An ecumenical conference for church youth workers will consider how the legacies of slavery in all its forms can still impact minority ethnic young people today, as the Bicentenary year of the Act for the Abolition of the Slave Trade comes to a close.

Coming at the end of Black History Month and being held during National Youth Work Week*, the conference will explore how youth work advisers and leaders can engage with the legacy of slavery to help and support young people to ‘free their minds’ and build positive relationships within their families, their journeys of Christian faith, and their wider communities.

The conference is taking place next week in London and is organised by the Youth Issues working group of the Church of England’s Committee for Minority Ethnic Anglican Concerns. Participants at the event will reflect on the passage in John’s Gospel where Jesus declares that His disciples will “know the truth, and the truth will make you free” (John 8:31-33).
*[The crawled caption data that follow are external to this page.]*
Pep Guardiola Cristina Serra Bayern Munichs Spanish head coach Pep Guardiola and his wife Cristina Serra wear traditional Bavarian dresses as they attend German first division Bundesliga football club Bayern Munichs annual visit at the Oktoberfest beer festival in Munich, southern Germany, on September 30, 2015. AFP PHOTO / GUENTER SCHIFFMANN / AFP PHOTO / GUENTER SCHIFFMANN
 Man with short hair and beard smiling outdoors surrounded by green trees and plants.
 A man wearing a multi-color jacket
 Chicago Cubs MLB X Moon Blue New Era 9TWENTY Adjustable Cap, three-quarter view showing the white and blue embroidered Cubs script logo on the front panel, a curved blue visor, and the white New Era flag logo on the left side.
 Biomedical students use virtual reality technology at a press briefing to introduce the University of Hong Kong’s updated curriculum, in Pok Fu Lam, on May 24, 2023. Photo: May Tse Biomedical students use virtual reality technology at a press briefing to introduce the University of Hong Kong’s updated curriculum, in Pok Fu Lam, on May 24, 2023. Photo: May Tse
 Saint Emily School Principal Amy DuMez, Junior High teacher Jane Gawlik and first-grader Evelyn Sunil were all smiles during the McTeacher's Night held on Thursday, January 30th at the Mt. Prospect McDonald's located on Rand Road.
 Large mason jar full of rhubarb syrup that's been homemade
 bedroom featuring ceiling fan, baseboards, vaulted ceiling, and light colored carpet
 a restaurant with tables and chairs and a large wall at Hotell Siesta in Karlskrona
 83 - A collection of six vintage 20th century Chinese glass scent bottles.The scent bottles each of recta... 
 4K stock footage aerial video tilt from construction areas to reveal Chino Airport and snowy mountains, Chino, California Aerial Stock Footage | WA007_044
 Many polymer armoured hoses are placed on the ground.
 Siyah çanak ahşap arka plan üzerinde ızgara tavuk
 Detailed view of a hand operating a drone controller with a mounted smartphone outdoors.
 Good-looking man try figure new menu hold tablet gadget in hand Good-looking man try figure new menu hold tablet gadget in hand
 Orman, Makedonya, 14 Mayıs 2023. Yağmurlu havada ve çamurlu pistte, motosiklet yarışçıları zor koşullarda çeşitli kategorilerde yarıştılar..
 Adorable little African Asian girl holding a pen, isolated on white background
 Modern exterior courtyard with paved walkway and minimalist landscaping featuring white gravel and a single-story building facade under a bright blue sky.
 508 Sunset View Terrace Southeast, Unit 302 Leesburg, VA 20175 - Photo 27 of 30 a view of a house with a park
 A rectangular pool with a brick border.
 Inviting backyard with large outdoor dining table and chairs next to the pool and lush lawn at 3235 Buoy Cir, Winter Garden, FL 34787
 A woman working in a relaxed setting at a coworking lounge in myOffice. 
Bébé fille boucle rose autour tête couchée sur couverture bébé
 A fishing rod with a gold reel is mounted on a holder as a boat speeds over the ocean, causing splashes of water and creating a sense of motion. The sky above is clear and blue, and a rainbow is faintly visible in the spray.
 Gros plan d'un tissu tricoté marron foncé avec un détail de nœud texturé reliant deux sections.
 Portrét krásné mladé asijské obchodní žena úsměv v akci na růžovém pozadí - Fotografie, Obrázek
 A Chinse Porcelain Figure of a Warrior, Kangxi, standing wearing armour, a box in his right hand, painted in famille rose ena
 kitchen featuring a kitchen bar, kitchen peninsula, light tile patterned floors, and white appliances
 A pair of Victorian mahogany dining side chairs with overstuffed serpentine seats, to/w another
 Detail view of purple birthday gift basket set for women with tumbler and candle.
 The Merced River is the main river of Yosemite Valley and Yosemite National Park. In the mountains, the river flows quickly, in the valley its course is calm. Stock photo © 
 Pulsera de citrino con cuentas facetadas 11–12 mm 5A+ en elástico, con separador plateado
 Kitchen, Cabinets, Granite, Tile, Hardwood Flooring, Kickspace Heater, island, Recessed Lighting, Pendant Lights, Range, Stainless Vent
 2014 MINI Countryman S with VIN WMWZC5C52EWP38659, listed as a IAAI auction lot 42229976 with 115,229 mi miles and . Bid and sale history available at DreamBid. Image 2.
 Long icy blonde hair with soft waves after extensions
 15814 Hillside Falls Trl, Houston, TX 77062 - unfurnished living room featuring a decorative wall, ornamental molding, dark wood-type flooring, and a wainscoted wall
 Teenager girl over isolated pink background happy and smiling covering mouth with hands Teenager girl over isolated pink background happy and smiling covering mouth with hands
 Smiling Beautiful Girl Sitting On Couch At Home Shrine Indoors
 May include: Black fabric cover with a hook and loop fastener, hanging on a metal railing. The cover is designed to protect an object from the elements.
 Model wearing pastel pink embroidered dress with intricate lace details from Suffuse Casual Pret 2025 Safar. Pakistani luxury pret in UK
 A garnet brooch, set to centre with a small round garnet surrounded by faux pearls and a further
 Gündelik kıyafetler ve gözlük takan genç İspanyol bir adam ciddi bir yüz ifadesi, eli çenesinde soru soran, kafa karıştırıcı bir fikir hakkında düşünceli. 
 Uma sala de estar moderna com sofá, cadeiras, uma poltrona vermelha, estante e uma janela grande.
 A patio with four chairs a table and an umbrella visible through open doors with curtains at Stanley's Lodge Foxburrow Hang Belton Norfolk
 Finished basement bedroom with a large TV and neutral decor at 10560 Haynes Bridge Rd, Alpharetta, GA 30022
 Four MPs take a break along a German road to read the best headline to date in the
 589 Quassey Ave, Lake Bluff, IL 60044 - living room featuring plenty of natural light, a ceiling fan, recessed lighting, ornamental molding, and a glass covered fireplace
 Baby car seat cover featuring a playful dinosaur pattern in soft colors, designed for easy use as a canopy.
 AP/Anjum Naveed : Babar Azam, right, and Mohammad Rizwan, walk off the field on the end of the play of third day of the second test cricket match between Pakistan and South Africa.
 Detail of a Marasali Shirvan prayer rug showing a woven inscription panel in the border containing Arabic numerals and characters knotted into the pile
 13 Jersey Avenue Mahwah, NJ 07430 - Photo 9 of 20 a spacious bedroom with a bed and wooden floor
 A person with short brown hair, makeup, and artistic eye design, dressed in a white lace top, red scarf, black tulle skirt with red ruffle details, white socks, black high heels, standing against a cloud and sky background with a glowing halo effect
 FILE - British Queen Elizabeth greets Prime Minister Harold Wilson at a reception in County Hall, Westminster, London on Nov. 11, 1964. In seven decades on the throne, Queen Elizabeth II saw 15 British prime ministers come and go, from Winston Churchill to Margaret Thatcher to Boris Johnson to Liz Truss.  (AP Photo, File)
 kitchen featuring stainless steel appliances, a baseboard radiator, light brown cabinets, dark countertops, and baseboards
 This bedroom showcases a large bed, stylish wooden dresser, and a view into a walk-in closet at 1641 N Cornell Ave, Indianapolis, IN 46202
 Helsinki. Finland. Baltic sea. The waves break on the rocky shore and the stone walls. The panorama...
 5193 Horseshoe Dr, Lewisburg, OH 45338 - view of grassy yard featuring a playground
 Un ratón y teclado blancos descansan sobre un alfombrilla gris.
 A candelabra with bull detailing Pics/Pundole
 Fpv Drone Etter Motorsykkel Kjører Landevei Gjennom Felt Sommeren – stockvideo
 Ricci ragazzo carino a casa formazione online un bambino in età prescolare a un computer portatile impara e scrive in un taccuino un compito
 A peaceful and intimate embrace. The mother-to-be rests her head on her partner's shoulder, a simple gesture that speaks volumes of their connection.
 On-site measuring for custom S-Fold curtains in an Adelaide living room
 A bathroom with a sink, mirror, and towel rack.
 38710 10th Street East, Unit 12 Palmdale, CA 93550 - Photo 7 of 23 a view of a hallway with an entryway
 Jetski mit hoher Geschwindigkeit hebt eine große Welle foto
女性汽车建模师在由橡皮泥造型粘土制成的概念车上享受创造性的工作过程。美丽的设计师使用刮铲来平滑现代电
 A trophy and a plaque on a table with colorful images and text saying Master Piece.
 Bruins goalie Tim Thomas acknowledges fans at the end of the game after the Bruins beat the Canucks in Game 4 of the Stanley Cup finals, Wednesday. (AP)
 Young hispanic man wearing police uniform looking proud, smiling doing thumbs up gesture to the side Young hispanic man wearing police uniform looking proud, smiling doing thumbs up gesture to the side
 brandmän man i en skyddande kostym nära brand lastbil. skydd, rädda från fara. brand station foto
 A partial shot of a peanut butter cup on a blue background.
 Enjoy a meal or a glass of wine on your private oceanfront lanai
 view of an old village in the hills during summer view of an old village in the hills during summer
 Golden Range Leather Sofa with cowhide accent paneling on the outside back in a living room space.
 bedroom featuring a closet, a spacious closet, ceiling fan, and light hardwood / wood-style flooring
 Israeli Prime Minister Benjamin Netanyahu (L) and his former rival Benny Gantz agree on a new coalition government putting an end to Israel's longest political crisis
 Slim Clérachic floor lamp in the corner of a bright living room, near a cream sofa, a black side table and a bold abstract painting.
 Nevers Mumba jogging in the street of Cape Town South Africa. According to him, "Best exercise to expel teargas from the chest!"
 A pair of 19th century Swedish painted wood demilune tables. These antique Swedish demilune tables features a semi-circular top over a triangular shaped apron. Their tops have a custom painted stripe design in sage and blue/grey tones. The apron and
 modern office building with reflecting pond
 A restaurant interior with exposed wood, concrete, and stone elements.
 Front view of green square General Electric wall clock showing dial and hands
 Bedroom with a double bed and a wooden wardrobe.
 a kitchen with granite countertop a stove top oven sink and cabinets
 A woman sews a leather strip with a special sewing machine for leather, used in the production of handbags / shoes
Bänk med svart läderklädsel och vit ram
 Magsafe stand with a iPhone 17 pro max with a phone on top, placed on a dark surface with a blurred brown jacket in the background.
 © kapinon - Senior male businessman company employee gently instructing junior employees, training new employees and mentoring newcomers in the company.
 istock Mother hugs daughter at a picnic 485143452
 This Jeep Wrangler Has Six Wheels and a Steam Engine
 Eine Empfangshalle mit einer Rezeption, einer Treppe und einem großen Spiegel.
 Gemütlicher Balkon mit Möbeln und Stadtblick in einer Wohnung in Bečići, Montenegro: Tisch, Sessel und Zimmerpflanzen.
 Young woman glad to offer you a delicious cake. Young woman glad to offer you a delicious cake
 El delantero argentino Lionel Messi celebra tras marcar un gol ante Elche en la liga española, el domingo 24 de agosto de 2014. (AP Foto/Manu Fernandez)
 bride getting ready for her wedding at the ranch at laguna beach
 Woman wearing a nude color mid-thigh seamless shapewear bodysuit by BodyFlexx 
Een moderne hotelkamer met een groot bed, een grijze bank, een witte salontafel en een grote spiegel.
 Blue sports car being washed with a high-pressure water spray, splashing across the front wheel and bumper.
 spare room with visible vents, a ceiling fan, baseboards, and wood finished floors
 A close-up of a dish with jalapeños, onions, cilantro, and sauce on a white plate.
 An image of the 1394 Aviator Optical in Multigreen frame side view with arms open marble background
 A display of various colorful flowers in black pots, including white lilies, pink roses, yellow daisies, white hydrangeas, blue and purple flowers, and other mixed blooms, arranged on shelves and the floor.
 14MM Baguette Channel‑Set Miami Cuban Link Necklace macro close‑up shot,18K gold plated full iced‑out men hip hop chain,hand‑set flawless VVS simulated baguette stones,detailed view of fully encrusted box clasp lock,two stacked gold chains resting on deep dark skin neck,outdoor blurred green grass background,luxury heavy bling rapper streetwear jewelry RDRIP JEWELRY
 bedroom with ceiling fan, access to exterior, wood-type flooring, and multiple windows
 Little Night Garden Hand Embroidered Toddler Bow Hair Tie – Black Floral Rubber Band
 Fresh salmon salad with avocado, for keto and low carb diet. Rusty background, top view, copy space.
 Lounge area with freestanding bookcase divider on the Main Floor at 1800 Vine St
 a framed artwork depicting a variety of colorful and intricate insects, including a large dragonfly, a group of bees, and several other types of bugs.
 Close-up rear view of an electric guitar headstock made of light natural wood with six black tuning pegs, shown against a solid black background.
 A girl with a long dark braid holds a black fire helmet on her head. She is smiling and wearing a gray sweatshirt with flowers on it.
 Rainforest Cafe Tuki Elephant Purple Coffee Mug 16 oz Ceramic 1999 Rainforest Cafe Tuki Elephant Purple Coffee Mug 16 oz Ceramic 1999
The organisers hope to examine whether understanding the complex personal and societal issues of self-esteem, group belonging, career aspirations and racial justice can be assisted by reflecting on history.

The ‘think tank’ event will include contributions from a number of guest speakers, including Angela Sarkis CBE, National Secretary of the YMCA. These addresses will be followed by discussion on how the themes raised could be applied to youth work today, across urban, suburban, rural, educational and recreational contexts.

Dean Pusey, conference co-convenor and youth officer for the Diocese of Southwark, said: “This event will try and get to the core of what the Bicentenary really means for youth work and youth ministry. We will be exploring how all of us engaged in working with young people can help present the freedom that Christ offers in a way that has meaning for them, and how we can reflect that through worship, through activities, and through the way we relate with them on a personal level”.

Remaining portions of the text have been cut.